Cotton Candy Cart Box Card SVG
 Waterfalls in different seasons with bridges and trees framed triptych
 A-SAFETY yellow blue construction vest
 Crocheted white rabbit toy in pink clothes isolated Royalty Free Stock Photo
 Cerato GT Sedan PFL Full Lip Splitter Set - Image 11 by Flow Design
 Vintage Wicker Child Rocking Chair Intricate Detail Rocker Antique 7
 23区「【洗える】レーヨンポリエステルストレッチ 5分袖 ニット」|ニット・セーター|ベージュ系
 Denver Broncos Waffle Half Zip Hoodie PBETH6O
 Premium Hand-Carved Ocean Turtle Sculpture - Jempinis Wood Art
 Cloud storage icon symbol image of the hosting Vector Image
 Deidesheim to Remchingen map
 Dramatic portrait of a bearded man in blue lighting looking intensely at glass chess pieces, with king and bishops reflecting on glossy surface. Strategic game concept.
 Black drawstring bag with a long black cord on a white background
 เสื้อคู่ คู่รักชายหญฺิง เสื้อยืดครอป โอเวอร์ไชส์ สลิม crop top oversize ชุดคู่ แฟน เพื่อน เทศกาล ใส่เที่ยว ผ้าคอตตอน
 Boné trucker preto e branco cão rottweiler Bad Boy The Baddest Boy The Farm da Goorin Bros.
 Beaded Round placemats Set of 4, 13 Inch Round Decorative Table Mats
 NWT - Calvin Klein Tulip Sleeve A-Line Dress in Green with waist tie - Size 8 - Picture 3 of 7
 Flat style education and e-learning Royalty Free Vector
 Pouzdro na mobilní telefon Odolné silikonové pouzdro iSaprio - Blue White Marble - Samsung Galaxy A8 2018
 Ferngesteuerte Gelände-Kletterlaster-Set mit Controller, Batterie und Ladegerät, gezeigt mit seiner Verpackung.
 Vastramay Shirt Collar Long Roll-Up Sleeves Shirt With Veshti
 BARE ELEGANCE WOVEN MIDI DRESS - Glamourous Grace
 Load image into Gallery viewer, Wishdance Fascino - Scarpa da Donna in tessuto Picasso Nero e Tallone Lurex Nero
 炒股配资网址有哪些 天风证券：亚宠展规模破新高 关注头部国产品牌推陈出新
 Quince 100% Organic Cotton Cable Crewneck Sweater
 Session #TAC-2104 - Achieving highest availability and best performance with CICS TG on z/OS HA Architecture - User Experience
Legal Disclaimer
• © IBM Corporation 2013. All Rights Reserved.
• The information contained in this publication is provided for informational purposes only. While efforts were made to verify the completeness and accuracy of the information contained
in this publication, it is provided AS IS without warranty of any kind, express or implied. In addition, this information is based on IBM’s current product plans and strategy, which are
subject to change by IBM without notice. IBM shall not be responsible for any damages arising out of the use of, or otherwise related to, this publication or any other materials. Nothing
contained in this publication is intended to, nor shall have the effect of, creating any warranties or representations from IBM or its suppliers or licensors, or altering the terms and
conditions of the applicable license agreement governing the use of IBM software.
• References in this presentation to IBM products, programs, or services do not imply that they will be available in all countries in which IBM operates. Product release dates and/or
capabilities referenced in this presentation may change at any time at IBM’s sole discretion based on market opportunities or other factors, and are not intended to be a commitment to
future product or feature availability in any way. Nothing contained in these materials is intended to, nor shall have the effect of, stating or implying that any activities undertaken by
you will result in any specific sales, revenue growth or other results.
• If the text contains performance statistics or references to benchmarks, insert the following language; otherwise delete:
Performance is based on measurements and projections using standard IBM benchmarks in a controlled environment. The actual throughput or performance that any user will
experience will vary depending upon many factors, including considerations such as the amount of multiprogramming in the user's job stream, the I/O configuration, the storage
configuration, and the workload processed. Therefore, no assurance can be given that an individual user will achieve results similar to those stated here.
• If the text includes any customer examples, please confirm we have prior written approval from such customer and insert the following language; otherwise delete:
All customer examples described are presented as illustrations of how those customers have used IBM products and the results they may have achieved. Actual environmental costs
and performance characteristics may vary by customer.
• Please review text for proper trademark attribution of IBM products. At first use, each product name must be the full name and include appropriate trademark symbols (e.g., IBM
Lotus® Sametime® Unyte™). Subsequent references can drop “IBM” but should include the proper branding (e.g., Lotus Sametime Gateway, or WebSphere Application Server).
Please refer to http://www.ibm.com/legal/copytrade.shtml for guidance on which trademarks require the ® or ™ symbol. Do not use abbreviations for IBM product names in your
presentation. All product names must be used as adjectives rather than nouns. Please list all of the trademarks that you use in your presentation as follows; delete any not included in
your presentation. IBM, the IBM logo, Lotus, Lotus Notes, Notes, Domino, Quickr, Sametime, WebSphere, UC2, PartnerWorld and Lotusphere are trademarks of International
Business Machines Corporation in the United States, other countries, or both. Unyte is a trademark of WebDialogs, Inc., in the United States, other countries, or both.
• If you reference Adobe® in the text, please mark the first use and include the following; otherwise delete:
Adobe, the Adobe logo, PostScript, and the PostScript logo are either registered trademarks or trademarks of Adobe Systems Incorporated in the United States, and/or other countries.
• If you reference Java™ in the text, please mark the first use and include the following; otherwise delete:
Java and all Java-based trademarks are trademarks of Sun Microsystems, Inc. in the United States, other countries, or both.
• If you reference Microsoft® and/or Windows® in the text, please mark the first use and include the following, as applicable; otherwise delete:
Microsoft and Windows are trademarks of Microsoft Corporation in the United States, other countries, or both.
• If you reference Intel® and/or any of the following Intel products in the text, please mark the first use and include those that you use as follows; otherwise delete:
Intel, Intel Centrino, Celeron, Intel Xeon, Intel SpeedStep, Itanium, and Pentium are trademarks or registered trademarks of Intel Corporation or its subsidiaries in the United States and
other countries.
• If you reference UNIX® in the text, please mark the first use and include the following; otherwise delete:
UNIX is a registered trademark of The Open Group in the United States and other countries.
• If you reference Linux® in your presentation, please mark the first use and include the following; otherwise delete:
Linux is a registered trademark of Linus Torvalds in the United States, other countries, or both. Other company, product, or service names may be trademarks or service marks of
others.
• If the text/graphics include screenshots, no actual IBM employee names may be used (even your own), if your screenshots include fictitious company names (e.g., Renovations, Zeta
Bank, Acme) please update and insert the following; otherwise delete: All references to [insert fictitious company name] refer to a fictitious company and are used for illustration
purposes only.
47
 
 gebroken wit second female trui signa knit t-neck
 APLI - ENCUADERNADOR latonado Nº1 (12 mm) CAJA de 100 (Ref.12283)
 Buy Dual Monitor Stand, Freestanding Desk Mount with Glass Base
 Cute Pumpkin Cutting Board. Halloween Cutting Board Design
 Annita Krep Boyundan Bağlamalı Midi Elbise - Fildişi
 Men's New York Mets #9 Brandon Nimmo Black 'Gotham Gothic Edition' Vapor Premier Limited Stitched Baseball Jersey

※ ※ ※

■ **THE TASK**
The whole of the material above should be given again exactly.

■ **YOUR SOLUTION**
Cotton Candy Cart Box Card SVG
 Waterfalls in different seasons with bridges and trees framed triptych
 A-SAFETY yellow blue construction vest
 Crocheted white rabbit toy in pink clothes isolated Royalty Free Stock Photo
 Cerato GT Sedan PFL Full Lip Splitter Set - Image 11 by Flow Design
 Vintage Wicker Child Rocking Chair Intricate Detail Rocker Antique 7
 23区「【洗える】レーヨンポリエステルストレッチ 5分袖 ニット」|ニット・セーター|ベージュ系
 Denver Broncos Waffle Half Zip Hoodie PBETH6O
 Premium Hand-Carved Ocean Turtle Sculpture - Jempinis Wood Art
 Cloud storage icon symbol image of the hosting Vector Image
 Deidesheim to Remchingen map
 Dramatic portrait of a bearded man in blue lighting looking intensely at glass chess pieces, with king and bishops reflecting on glossy surface. Strategic game concept.
 Black drawstring bag with a long black cord on a white background
 เสื้อคู่ คู่รักชายหญฺิง เสื้อยืดครอป โอเวอร์ไชส์ สลิม crop top oversize ชุดคู่ แฟน เพื่อน เทศกาล ใส่เที่ยว ผ้าคอตตอน
 Boné trucker preto e branco cão rottweiler Bad Boy The Baddest Boy The Farm da Goorin Bros.
 Beaded Round placemats Set of 4, 13 Inch Round Decorative Table Mats
 NWT - Calvin Klein Tulip Sleeve A-Line Dress in Green with waist tie - Size 8 - Picture 3 of 7
 Flat style education and e-learning Royalty Free Vector
 Pouzdro na mobilní telefon Odolné silikonové pouzdro iSaprio - Blue White Marble - Samsung Galaxy A8 2018
 Ferngesteuerte Gelände-Kletterlaster-Set mit Controller, Batterie und Ladegerät, gezeigt mit seiner Verpackung.
 Vastramay Shirt Collar Long Roll-Up Sleeves Shirt With Veshti
 BARE ELEGANCE WOVEN MIDI DRESS - Glamourous Grace
 Load image into Gallery viewer, Wishdance Fascino - Scarpa da Donna in tessuto Picasso Nero e Tallone Lurex Nero
 炒股配资网址有哪些 天风证券：亚宠展规模破新高 关注头部国产品牌推陈出新
 Quince 100% Organic Cotton Cable Crewneck Sweater
 Session #TAC-2104 - Achieving highest availability and best performance with CICS TG on z/OS HA Architecture - User Experience
Legal Disclaimer
• © IBM Corporation 2013. All Rights Reserved.
• The information contained in this publication is provided for informational purposes only. While efforts were made to verify the completeness and accuracy of the information contained
in this publication, it is provided AS IS without warranty of any kind, express or implied. In addition, this information is based on IBM’s current product plans and strategy, which are
subject to change by IBM without notice. IBM shall not be responsible for any damages arising out of the use of, or otherwise related to, this publication or any other materials. Nothing
contained in this publication is intended to, nor shall have the effect of, creating any warranties or representations from IBM or its suppliers or licensors, or altering the terms and
conditions of the applicable license agreement governing the use of IBM software.
• References in this presentation to IBM products, programs, or services do not imply that they will be available in all countries in which IBM operates. Product release dates and/or
capabilities referenced in this presentation may change at any time at IBM’s sole discretion based on market opportunities or other factors, and are not intended to be a commitment to
future product or feature availability in any way. Nothing contained in these materials is intended to, nor shall have the effect of, stating or implying that any activities undertaken by
you will result in any specific sales, revenue growth or other results.
• If the text contains performance statistics or references to benchmarks, insert the following language; otherwise delete:
Performance is based on measurements and projections using standard IBM benchmarks in a controlled environment. The actual throughput or performance that any user will
experience will vary depending upon many factors, including considerations such as the amount of multiprogramming in the user's job stream, the I/O configuration, the storage
configuration, and the workload processed. Therefore, no assurance can be given that an individual user will achieve results similar to those stated here.
• If the text includes any customer examples, please confirm we have prior written approval from such customer and insert the following language; otherwise delete:
All customer examples described are presented as illustrations of how those customers have used IBM products and the results they may have achieved. Actual environmental costs
and performance characteristics may vary by customer.
• Please review text for proper trademark attribution of IBM products. At first use, each product name must be the full name and include appropriate trademark symbols (e.g., IBM
Lotus® Sametime® Unyte™). Subsequent references can drop “IBM” but should include the proper branding (e.g., Lotus Sametime Gateway, or WebSphere Application Server).
Please refer to http://www.ibm.com/legal/copytrade.shtml for guidance on which trademarks require the ® or ™ symbol. Do not use abbreviations for IBM product names in your
presentation. All product names must be used as adjectives rather than nouns. Please list all of the trademarks that you use in your presentation as follows; delete any not included in
your presentation. IBM, the IBM logo, Lotus, Lotus Notes, Notes, Domino, Quickr, Sametime, WebSphere, UC2, PartnerWorld and Lotusphere are trademarks of International
Business Machines Corporation in the United States, other countries, or both. Unyte is a trademark of WebDialogs, Inc., in the United States, other countries, or both.
• If you reference Adobe® in the text, please mark the first use and include the following; otherwise delete:
Adobe, the Adobe logo, PostScript, and the PostScript logo are either registered trademarks or trademarks of Adobe Systems Incorporated in the United States, and/or other countries.
• If you reference Java™ in the text, please mark the first use and include the following; otherwise delete:
Java and all Java-based trademarks are trademarks of Sun Microsystems, Inc. in the United States, other countries, or both.
• If you reference Microsoft® and/or Windows® in the text, please mark the first use and include the following, as applicable; otherwise delete:
Microsoft and Windows are trademarks of Microsoft Corporation in the United States, other countries, or both.
• If you reference Intel® and/or any of the following Intel products in the text, please mark the first use and include those that you use as follows; otherwise delete:
Intel, Intel Centrino, Celeron, Intel Xeon, Intel SpeedStep, Itanium, and Pentium are trademarks or registered trademarks of Intel Corporation or its subsidiaries in the United States and
other countries.
• If you reference UNIX® in the text, please mark the first use and include the following; otherwise delete:
UNIX is a registered trademark of The Open Group in the United States and other countries.
• If you reference Linux® in your presentation, please mark the first use and include the following; otherwise delete:
Linux is a registered trademark of Linus Torvalds in the United States, other countries, or both. Other company, product, or service names may be trademarks or service marks of
others.
• If the text/graphics include screenshots, no actual IBM employee names may be used (even your own), if your screenshots include fictitious company names (e.g., Renovations, Zeta
Bank, Acme) please update and insert the following; otherwise delete: All references to [insert fictitious company name] refer to a fictitious company and are used for illustration
purposes only.
47
 
 gebroken wit second female trui signa knit t-neck
 APLI - ENCUADERNADOR latonado Nº1 (12 mm) CAJA de 100 (Ref.12283)
 Buy Dual Monitor Stand, Freestanding Desk Mount with Glass Base
 Cute Pumpkin Cutting Board. Halloween Cutting Board Design
 Annita Krep Boyundan Bağlamalı Midi Elbise - Fildişi
 Men's New York Mets #9 Brandon Nimmo Black 'Gotham Gothic Edition' Vapor Premier Limited Stitched Baseball Jersey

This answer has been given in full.